Within the records that follow, restate exactly the lines from the line with "Spunkypup Fetch &" down to the line with "Nimara Ritual 999", including both. Omit the pictures.

Input>
= Beginning of Section =
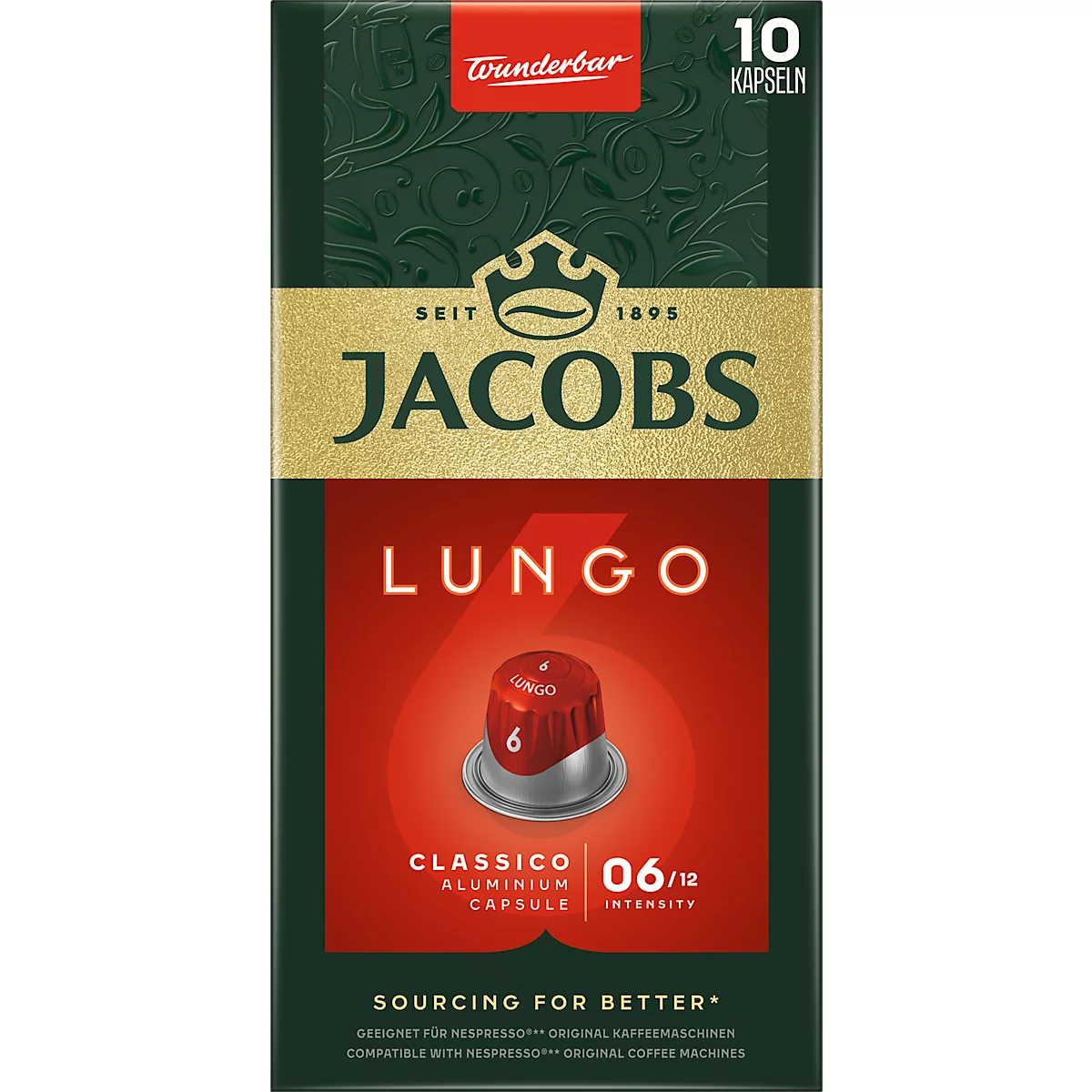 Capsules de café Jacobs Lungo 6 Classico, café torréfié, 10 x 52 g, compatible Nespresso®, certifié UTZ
= End of Section =
= Beginning of Section =
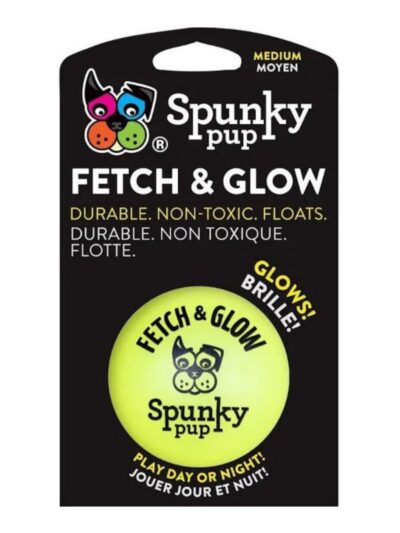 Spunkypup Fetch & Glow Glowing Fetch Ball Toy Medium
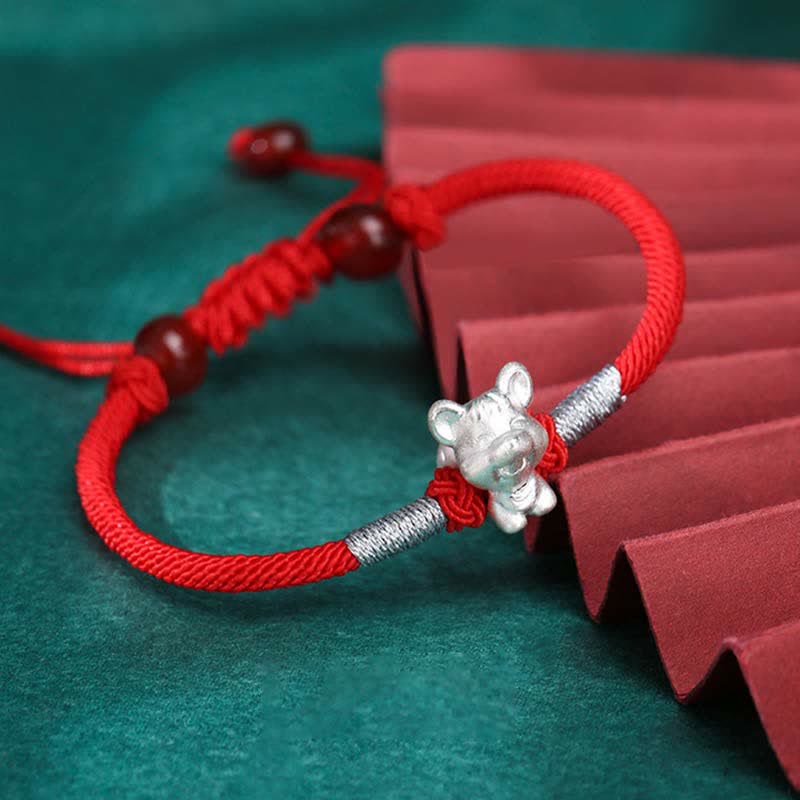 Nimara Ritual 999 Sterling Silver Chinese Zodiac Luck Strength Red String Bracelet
= End of Section =
= Beginning of Section =
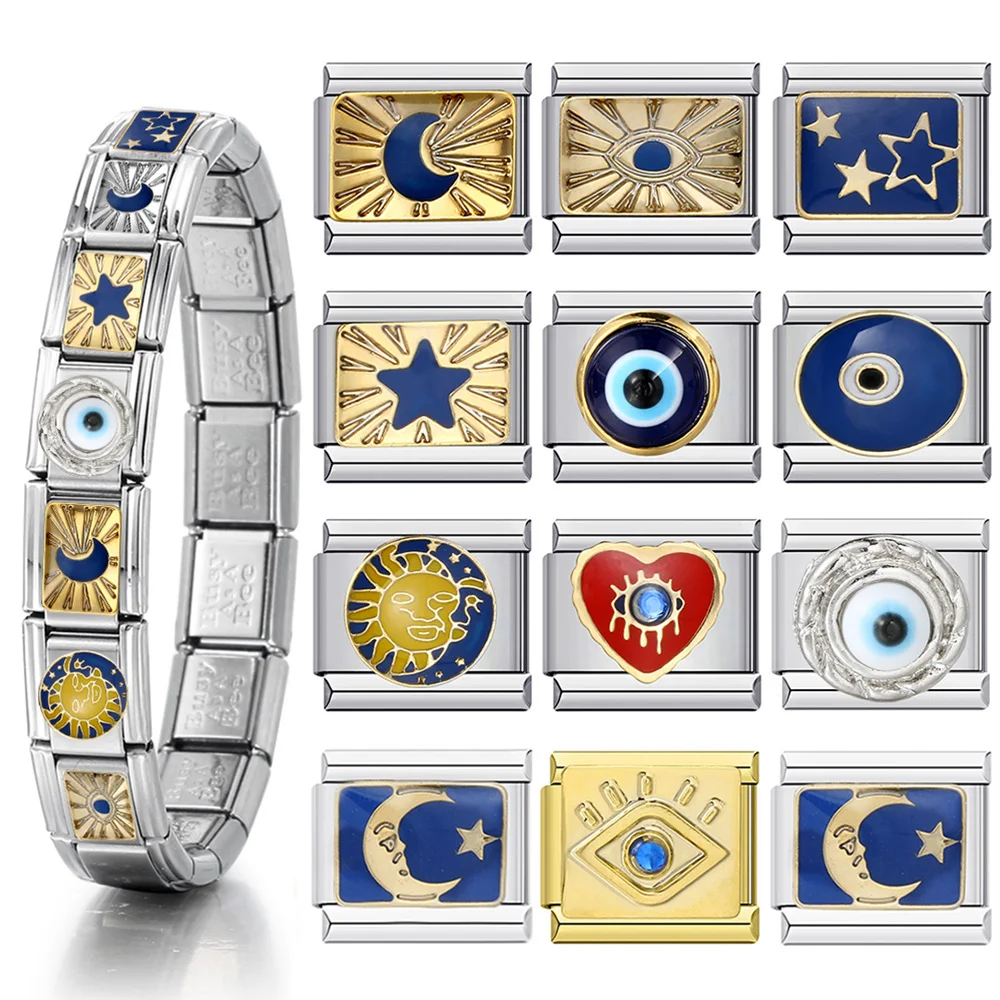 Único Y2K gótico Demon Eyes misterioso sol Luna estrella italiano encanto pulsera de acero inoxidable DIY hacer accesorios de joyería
= End of Section =
Solution to this task>
 Spunkypup Fetch & Glow Glowing Fetch Ball Toy Medium
 Nimara Ritual 999 Sterling Silver Chinese Zodiac Luck Strength Red String Bracelet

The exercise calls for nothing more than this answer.